Só agora compreendo o homem, agora que estou longe dele e vivo na Solidão!
Dez anos a escrever poemas. 36 anos de loucura. Um amor impossível. Uma vida desventurada. Nascido nas margens do Neckar, a 20 de Março de 1770, Hölderlin perdeu o pai com apenas dois anos. Johanna Christina Hölderlin, a mãe do poeta, casou pouco depois com o presidente do município de Nürtingen. Enfermeira mas malograda nos amores, Johanna perdeu o seu segundo marido contava o filho apenas nove primaveras. Órfão ao quadrado, Hölderlin foi encaminhado para a carreira de teólogo. Quando se nasce torto, nem Deus nos endireita. Andou pelos seminários de Denkendorf e Maulbronn, passando depois para o Stift de Tubinga, onde travou amizade com os jovens Hegel e Schelling. Por esta altura, já escrevia poemas de velada admiração pela Revolução Francesa. Feito o exame de teologia, separou-se dos comparsas e seguiu o rumo natural de um jovem oriundo de famílias pouco abastadas: tornou-se «preceptor de meninos de famílias ricas, espécie de criado de melhor qualidade». Estamos em 1793, em casa de Charlotte von Kalb, grande amiga de Friedrich von Schiller. Estamos em Iena, convivendo com Schiller e Fichte. Estamos em Weimar, de visita a Herder.
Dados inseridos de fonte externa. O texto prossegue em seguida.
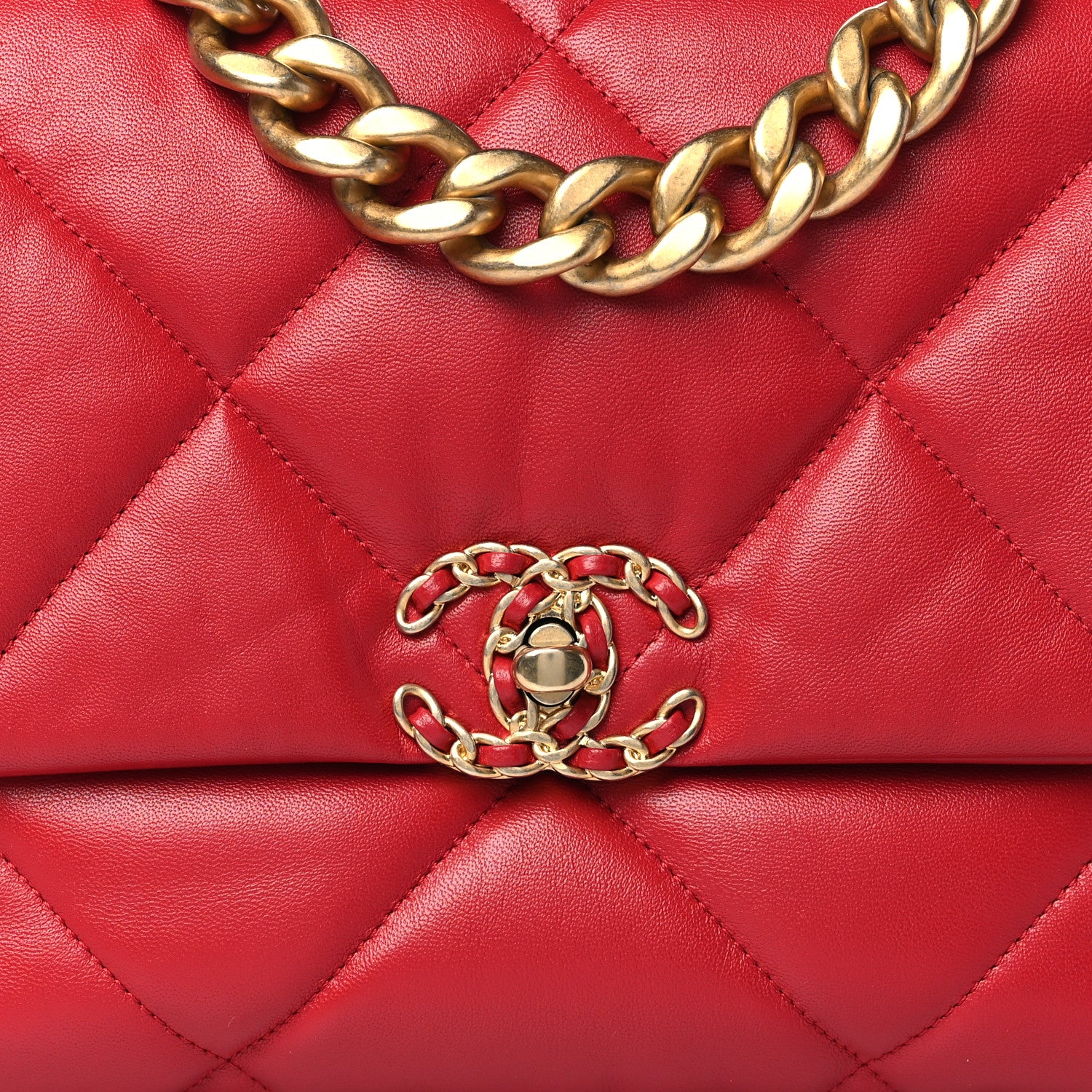Chanel Lambskin Quilted Large Chanel 19 Flap Red 8 of 11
E estamos com Goethe. Na revista de Schiller, Hölderlin publicou os seus primeiros textos, um fragmento do Hyperion e o poema Destino. O convívio com o génio dos supracitados, sobretudo com Schiller, deixou-o ambivalente: «O Sr. Excita-me de mais quando estou ao pé de si, (…) estou por vezes em luta secreta com o seu génio para salvar dele a minha liberdade». A situação tornou-se incomportável e Hölderlin fugiu literalmente de Iena para o colo materno, instalando-se posteriormente em casa do banqueiro Jakob Gontard, em Francoforte-sobre-o-Meno. Novamente afundado na carreira de preceptor, isolou-se na poesia:
OS POETAS HIPÓCRITAS
Frios hipócritas, não faleis dos deuses!
Vós sois tão razoáveis! não acreditais em Hélios,
Nem no Tonante e no Deus do Mar;
A Terra está morta, quem quer agradecer-lhe? ─
Confiança, Deuses! pois ornais a canção,
Inda que dos vossos nomes a alma já se foi,
E quando é precisa uma grande palavra,
Mãe Natureza! é em ti que se pensa.
E deu-se o caso. Hölderlin perdeu-se de amores por Susette Gontard, mulher do patrão e mãe dos seus educandos. Diotima, assim lhe chamava, foi o tema de muitos dos seus poemas. Do amor platónico saíram-lhe odes, elegias, extensos poemas em verso longo e uma enorme depressão amainada por cartas à amante e breves encontros secretos. Em 1798, o poeta deixou Francoforte, resistiu às preces da mãe para que voltasse à vida eclesiástica, foi para Homburg vor der Höhe, onde trabalhou uma inacabada tragédia sobre a morte de Empédocles e continuou a escrever poemas:
Ouvisse eu agora os que me avisavam, de mim sorririam e pensariam:
«Por nos recear, mais cedo este louco nas mãos nos caiu.»
E não considerariam isso um lucro…
…
Cantai, ó cantai-me, terríficos Deuses Fatais, a canção
Profetizando desgraça, sempre de novo ao ouvido.
Sou vosso por fim, bem o sei, mas quero antes disso
Pertencer a mim mesmo e conquistar vida e glória.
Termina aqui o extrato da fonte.